• **Task description**: Go to the line holding "Image 16 of" in the data below. Return it and each line after it through the last, exactly, and skip the pictures.

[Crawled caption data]
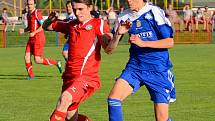 Vítězem krajského poháru mužů KKFS se stali po výhře 1:0, fotbalisté Nového Sedla (v červeném), kteří udolali nejdecký FK (v modrém).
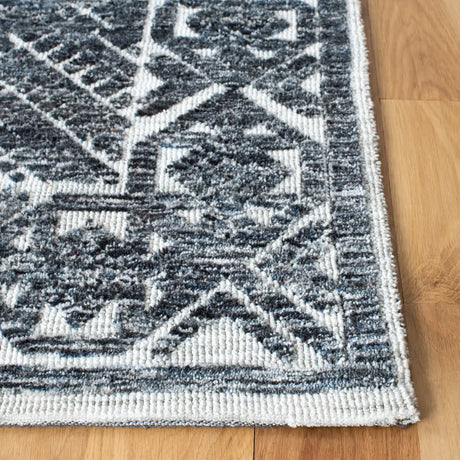 Safavieh Roslyn 4'-0" x 6'-0" Rug in Blue / Ivory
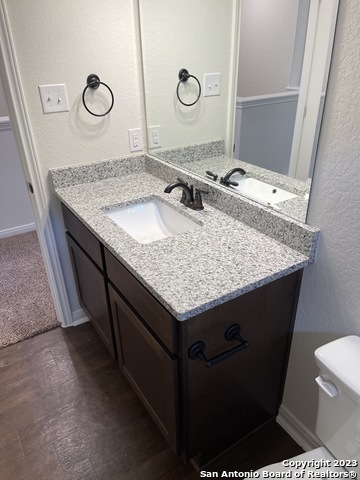 Image 16 of 35 For 2202 Sandlewood Cove  101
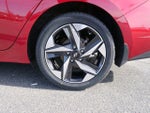 2023 Elantra Thumbnail 12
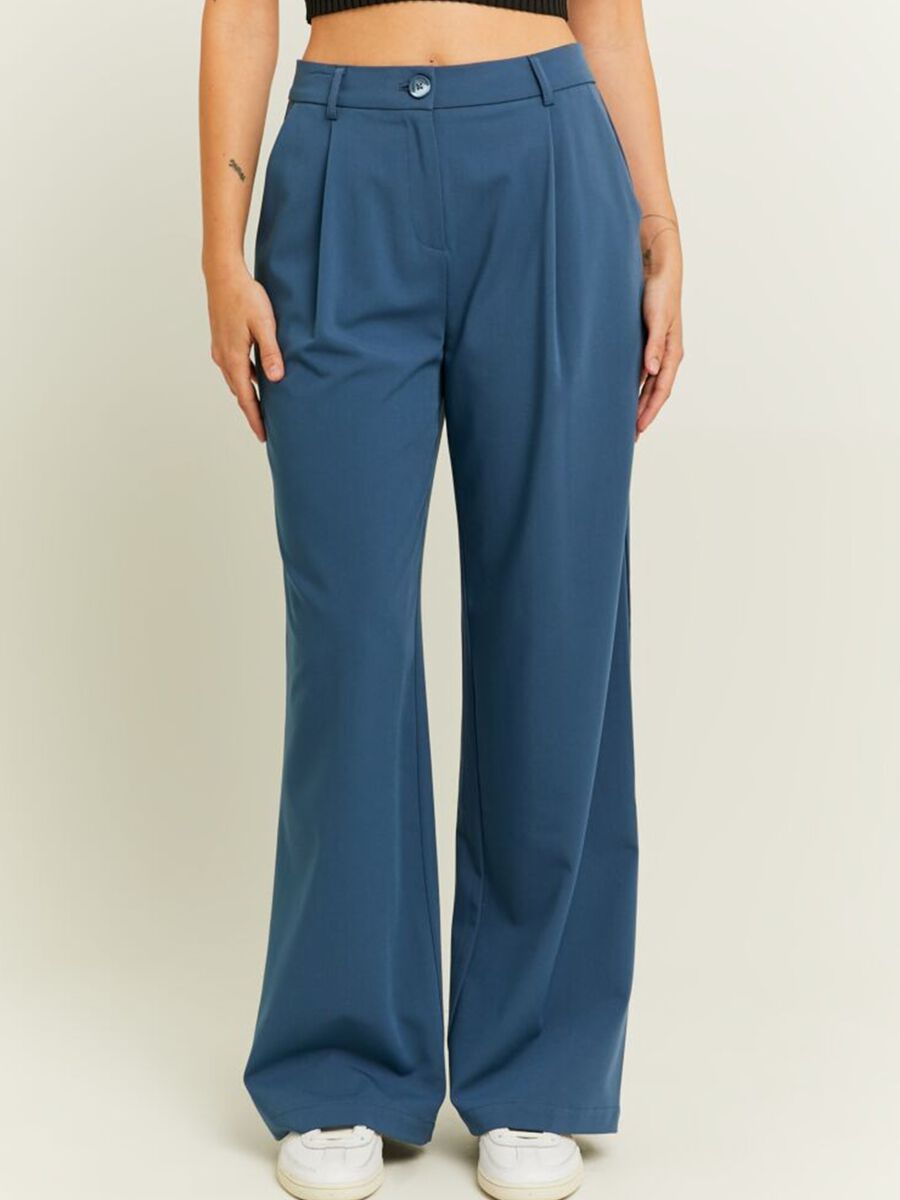 Straight-fit trousers with darts_1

• **Reply**:
 Image 16 of 35 For 2202 Sandlewood Cove  101
 2023 Elantra Thumbnail 12
 Straight-fit trousers with darts_1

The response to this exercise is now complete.